Yes…the distance an object moved by the action of the external cause can be measured…that is the effect…but what evidence should that leave about the cause???

“The examples you give for the components of the bread are completely valid as well. The point is that evidence can been gathered. Depending on the evidence found, many different theories could be formed, and many different conclusions could be made.”

Okay… now there is a bread that appeared out of nowhere. You test it and you find it to have certain ingredients. Fine. Now based on those ingredients, what is your inference? The effect is measureable in our universe…but how do you say that it should give evidence of the external agent???

“Ah, yes. But then you go on to say that it is one god, and that it is the god of the Muslims. Not multiple gods, not the god of someone else and not a completely unknown god.”

As explained earlier… I am not saying you should accept the notion of God. That is belief. I am not bringing God as an argument. Neither am I saying that I am trying to prove the concept of God in Islam…I repeat, “I AM ONLY SAYING THAT THERE IS INTELLIGENCE BEHIND NATURE.” It could be aliens, it could be God, it could be any X.

“Interestingly enough, you are sometimes arguing for a complete Deistic view, and sometimes for a Theistic view. Then you switch when it suits your purposes.
Which is it?”

This discussion is not about theism or deism, because this is not about God. This discussion is only about the need for an intelligent agency behind nature. It is only after this is settled, the question of who that agency is has any value. That’s when discussions on theology will make sense.
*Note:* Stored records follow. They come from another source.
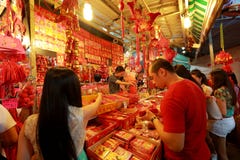 Achats lunaires chinois de nouvelle année de Singapour Chinatown image libre de droits Achats lunaires chinois de nouvelle année de Singapour Chinatown image libre de droits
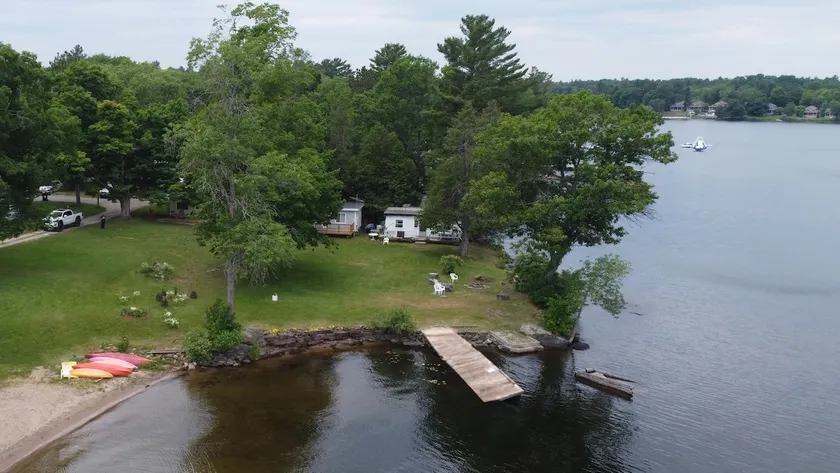 Oak Cabin on Sparrow Lake - Image 1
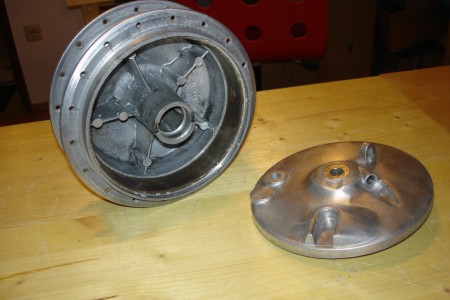 Vorderradnabe mit Bremsschild - gereinigt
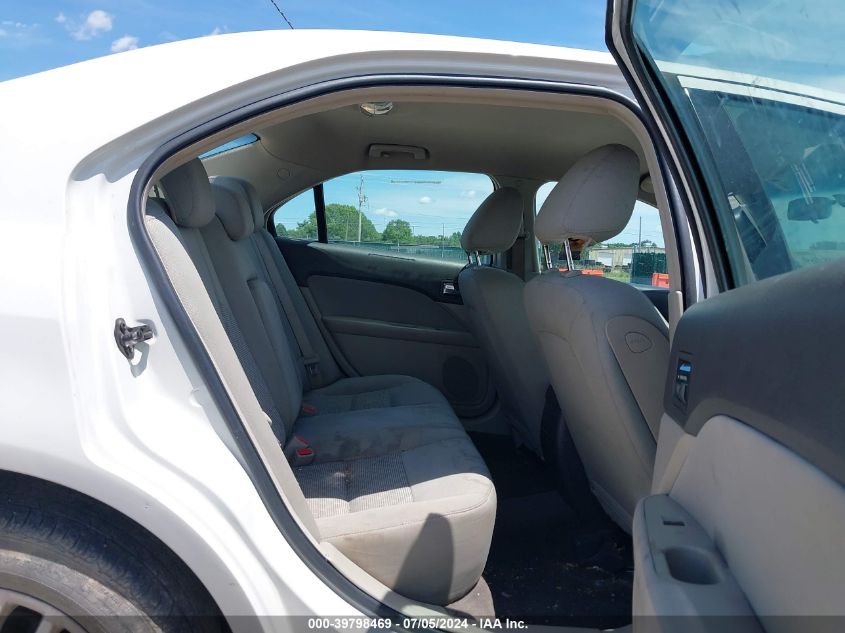 2010 Ford Fusion S VIN: 3FAHP0GA4AR220827 Lot: 39798469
Why would I discuss theology with an atheist.

“Still, everyone have been testing gravity their whole life, and that is what they base their assumption on.”

What do you mean testing gravity… if you mean testing in the sense that Newton conducted tests, then I don’t think 99.999 % people of the world do any test. If you mean making practical judgment based on experience, then yes. And that’s what I mean when I say practical rationality.
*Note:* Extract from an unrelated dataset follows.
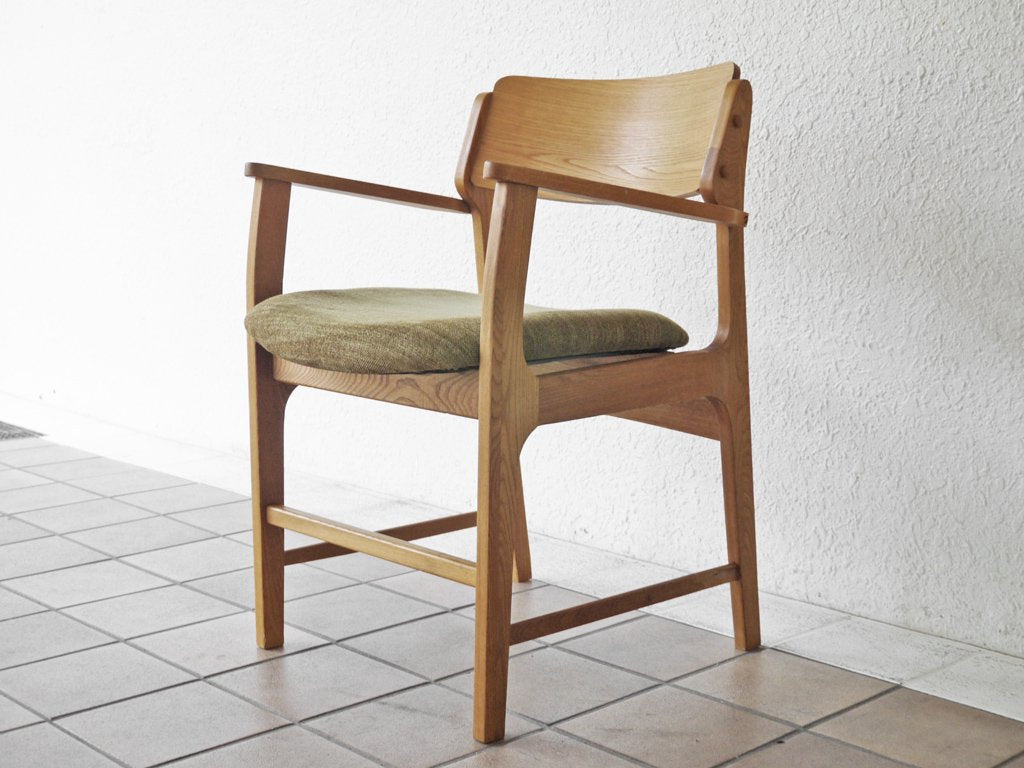 モモナチュラル Momo Natural マーレ アームチェア MARE ARM CHAIR アルダー材 ファブリック リーフグリーン 定価￥23,000- B ◇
“One can come about in natural processes and one has to be assembled.
One can adapt to the environment and the other is static.
One can grow and reproduce, the other is mechanic……” etc.

Computes interact with humans, a wooden furniture doesn’t.
Computer is made of plastic and silica chips, furniture is made of wood.
Computer does computations and solves math problems, a furniture can’t.
A computer produces copies of files, a furniture can’t.
Therefore, computers are designed, but furnitures are not.
Your comparisons and inference is as baseless as this.
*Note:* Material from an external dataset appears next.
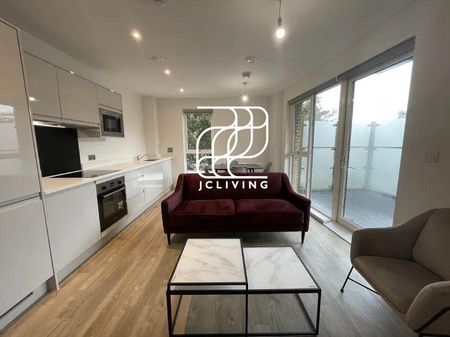 3 bedroom flat to rent - Photo 3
No matter how many more differences you bring, you are only attacking the functionalities. My premise is specified complexity. Many parts put in a specific arrangement for a function. I see this in rockets, watches and living things. These arrangements may be doing different functions, as you pointed out above. But the very fact that those functions are achieved through accurate arrangement of parts, shows specified complexity, which comes from intelligence.

"If you look at a watch lying on the ground and think to yourself, "Oh, this must be designed," what are you comparing the watch to in order to make that judgment? Would you compare it to the ground, the trees, the grass, the animals, or the sky perhaps? If the watch looks designed compared to its surroundings, the only logical conclusion we could draw is that its surroundings are not designed. If we were unable to differentiate the watch from its natural surroundings, then we would deem it to be a natural object no different from a rock or a tree.”

This is misleading. In the example above the differentiation is in the class of objects. Watch Vs Nature. I can make similar distinctions between a lot of things. Watch Vs Furniture. If I find a watch in the midst of furniture, I will immediately know it’s different from the furniture. If I see a mobile phone in midst of cars, I will know one is different from the other. But we know that watches and furniture, or mobiles and cars…all have specified complexity, and hence intelligently designed. Similarly, life has specified complexity…and hence intelligently designed.

I went through the links you sent. All the points in them are as silly as this example. As I don’t have the time, I am not going to deal with them. But if you think there is any important point in it that needs answering, bring it up.

CyberLN's picture
"No matter how many more

"No matter how many more differences you bring, you are only attacking the functionalities. My premise is specified complexity. Many parts put in a specific arrangement for a function. I see this in rockets, watches and living things. These arrangements may be doing different functions, as you pointed out above. But the very fact that those functions are achieved through accurate arrangement of parts, shows specified complexity, which comes from intelligence."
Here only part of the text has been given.